The Guardian  /  October 7, 2023

Stunned television viewers have watched civilians across the south of Israel plead for help.

Across Israel and the occupied Palestinian territories, divided communities have been watching scenes from the militant group Hamas’ unprecedented attack unfold with disbelief.

Until this morning, footage of Palestinian gunmen tearing down the walls and fences that have hemmed in the Gaza Strip’s 2.3 million people for the last 16 years was unthinkable – as were video and images of dazed Israeli civilians bundled into safe rooms or stolen Israel Defence Forces (IDF) vehicles, hands tied behind their backs with zip ties, and driven into Gaza to be used as bargaining chips.

“If you asked any Palestinian what the best case scenario would be to end the occupation, they would never say something like this,” said Khaled al-Taweel, a 49-year-old from the central Gaza town of Khan Yunis. “And if you asked an Israeli what the worst case scenario would be, they would never say something like this. It feels like a movie. At the Erez crossing [between Gaza and Israel], that’s where we stand to get searched, not the other way around.”

“We have entered a tunnel. But we don’t know what will be at the end of it.”

Hamas operatives hang gliding into Israel, a Gaza journalist making his way into Israel to deliver a report for Palestinian television, an elderly Israeli woman, clearly confused, being driven around Gaza’s streets in a golf buggy – for everyone, the day felt surreal.

Israelis have been glued to their television screens as civilians across the south of the country, locked in their panic rooms from sunrise until sunset, pleaded for help.

“I am asking for the army to be here, people are begging for forces to be here,” Daniel Rahamim, 68, from the border town of Nahal Oz, told Channel 13. “People are in need and asking, ‘Where is the army?’”
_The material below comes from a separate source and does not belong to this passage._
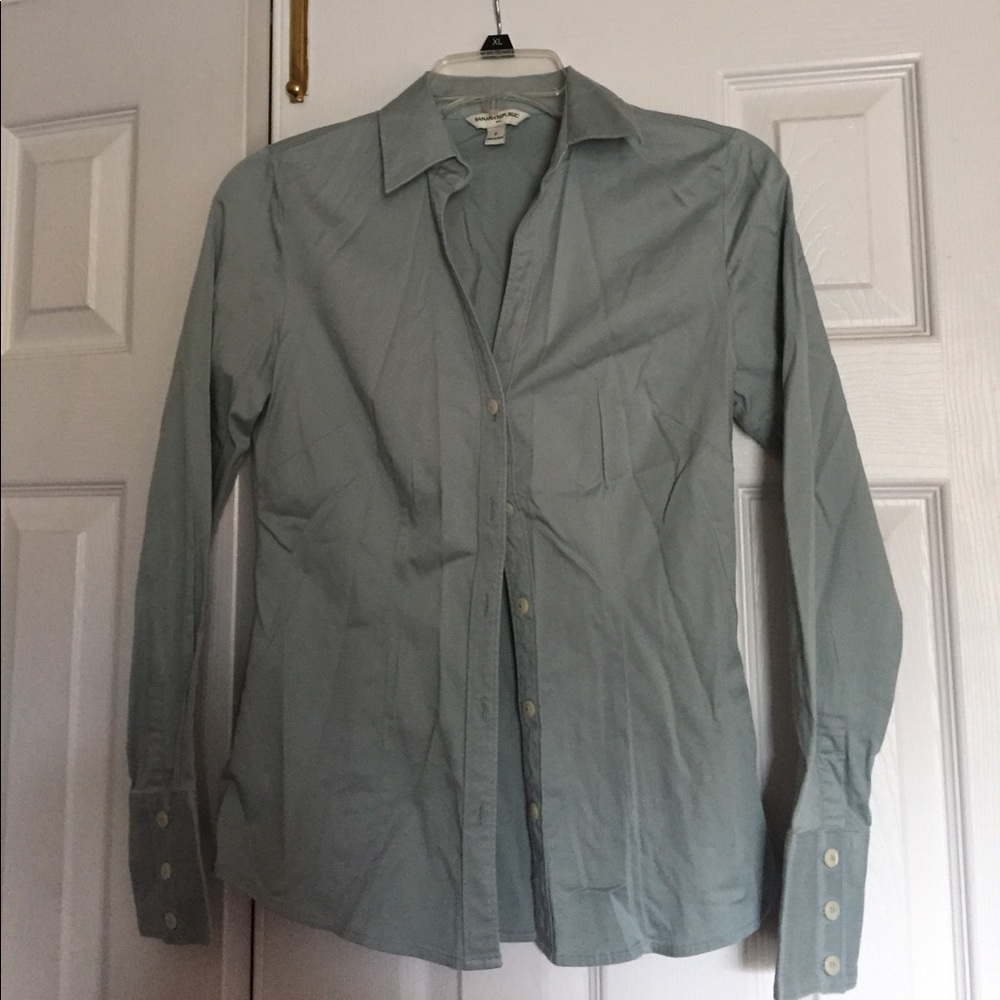 Banana Republic Button Down Shirt Size 2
Dozens of Israeli civilians are still reported to be held hostage inside their homes, and Hamas and Islamic Jihad, a smaller faction also active in the strip, have claimed that 57 Israelis – both alive and dead – have been taken into the Mediterranean enclave.

In an unverified video, a woman clinging to her two small children screamed as she resisted attempts by masked gunmen to take them from her arms. In another, a young woman is pulled by the hair as she is forced into the backseat of a stolen IDF Jeep. Hundreds of partygoers attending a rave were filmed fleeing across the fields as booms and thuds could be heard in the background.

Hours after the first reports that Hamas operatives had managed to infiltrate Gaza – an attack without recent parallel – residents of Israel’s south told the Israeli newspaper Haaretz that gun battles were still raging in the streets of towns and kibbutzim.

The slow response of the army and police has shocked, and angered, Israelis. “We are being slaughtered,” one Israeli in a southern kibbutz told Haaretz. “There is no army. It has been hours. People are begging for their lives.”